Economic Characteristics, Agrochemical Use and Health Risk Among Grenadian Farmers
Background: Agrochemicals are commonly used in the Caribbean islands, however, the relationships between the use of the chemicals and health outcomes have not been studied extensively. Previous studies primarily focused on farmers’ use of personal protective equipment while handling agrochemicals. The authors conducted this first study in Grenada to investigate the relationships between the characteristics of farmers, use of agrochemicals, and health risk.
Method: The cross-sectional study investigated the relationships between the characteristics of 8868 farmers in the 2012 agriculture census in Grenada and the use of three agrochemical ingredients. Logistic regression analysis generated odds ratio indicting the likelihood of farmers experiencing health problems based on the use of the chemicals.

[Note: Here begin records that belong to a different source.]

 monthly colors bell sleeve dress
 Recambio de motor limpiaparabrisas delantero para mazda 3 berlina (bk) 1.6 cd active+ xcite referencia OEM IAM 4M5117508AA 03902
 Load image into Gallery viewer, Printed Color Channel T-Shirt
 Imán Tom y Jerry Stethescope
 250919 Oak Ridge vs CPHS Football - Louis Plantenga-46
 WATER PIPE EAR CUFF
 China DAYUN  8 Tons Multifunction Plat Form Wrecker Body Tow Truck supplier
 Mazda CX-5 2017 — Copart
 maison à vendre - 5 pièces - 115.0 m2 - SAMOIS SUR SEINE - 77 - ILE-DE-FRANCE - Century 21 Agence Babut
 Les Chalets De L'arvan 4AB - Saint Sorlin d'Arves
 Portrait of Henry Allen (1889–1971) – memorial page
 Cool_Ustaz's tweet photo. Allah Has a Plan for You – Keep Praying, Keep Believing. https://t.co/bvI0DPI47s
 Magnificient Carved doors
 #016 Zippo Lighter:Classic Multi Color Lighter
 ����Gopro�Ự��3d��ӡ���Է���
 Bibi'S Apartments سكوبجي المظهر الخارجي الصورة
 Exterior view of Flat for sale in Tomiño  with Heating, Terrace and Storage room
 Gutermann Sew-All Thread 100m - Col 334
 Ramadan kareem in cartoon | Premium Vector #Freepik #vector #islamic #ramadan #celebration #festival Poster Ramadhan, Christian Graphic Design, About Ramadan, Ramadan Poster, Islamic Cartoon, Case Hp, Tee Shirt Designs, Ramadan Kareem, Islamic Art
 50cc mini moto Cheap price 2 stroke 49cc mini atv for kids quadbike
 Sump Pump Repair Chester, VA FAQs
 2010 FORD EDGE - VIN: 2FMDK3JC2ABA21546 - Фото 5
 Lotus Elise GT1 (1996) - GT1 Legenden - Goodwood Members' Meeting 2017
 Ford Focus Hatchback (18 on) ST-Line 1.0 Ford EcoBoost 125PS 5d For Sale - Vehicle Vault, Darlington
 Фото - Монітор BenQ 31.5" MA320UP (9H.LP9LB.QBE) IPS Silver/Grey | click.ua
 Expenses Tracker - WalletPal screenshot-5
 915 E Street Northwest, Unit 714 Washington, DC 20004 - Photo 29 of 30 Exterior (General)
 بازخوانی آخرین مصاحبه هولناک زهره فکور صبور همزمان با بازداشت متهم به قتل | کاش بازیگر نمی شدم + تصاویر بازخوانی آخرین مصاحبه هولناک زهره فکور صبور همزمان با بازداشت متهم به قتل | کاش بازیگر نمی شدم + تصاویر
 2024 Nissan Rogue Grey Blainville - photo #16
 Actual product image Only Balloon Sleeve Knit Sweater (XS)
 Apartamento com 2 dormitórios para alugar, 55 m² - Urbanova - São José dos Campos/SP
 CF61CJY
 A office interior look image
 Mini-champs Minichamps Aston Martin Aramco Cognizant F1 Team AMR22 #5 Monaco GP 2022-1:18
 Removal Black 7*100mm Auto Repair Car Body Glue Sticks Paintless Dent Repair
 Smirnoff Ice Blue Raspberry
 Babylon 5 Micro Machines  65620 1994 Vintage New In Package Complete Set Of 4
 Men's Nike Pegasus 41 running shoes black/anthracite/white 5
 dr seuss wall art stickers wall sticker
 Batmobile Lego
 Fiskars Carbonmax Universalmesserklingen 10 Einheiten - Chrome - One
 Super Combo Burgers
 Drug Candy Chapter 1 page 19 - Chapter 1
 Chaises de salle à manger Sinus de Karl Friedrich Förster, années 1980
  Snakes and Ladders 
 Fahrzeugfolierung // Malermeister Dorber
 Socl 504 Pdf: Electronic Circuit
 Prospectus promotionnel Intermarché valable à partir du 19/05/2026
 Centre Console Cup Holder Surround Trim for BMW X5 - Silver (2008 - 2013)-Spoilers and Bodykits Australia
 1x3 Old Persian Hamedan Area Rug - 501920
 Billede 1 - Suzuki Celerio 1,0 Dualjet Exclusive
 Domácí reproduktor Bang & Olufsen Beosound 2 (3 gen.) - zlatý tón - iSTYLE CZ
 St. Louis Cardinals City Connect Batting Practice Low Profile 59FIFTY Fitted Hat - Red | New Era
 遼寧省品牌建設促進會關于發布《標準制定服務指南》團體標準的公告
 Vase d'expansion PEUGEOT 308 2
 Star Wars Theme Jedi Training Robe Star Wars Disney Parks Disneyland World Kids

Results: Farm labor and market presence were found to be the most critical factors that influenced the used of agrochemicals and greater odds of experiencing health problems. The odds ratio was >6 and statistically significant for having ever used agrochemicals by farmers who hired non-household workers and farmers who paid farm workers. Having experienced production issues, receiving technical assistance, not receiving credit and farm located in St. John, the second poorest parish and fishing capital of Grenada were found to be protective factors.
Conclusion: Commercial activities that have direct bearing on expenditure and income were found to have the most significant influence on farmers' use of agrochemicals and increased risk of health problems. To address this public health issue, farmers must be given the support to produce safe and healthy foods without compromising their own health. Policies must be developed to provide for incentives and restrictions to improve stewardship in the use of agrochemicals. Finally, education and other interventions are also necessary to increase farmers’ awareness and to build and support capacity to address the issue at all ecological levels.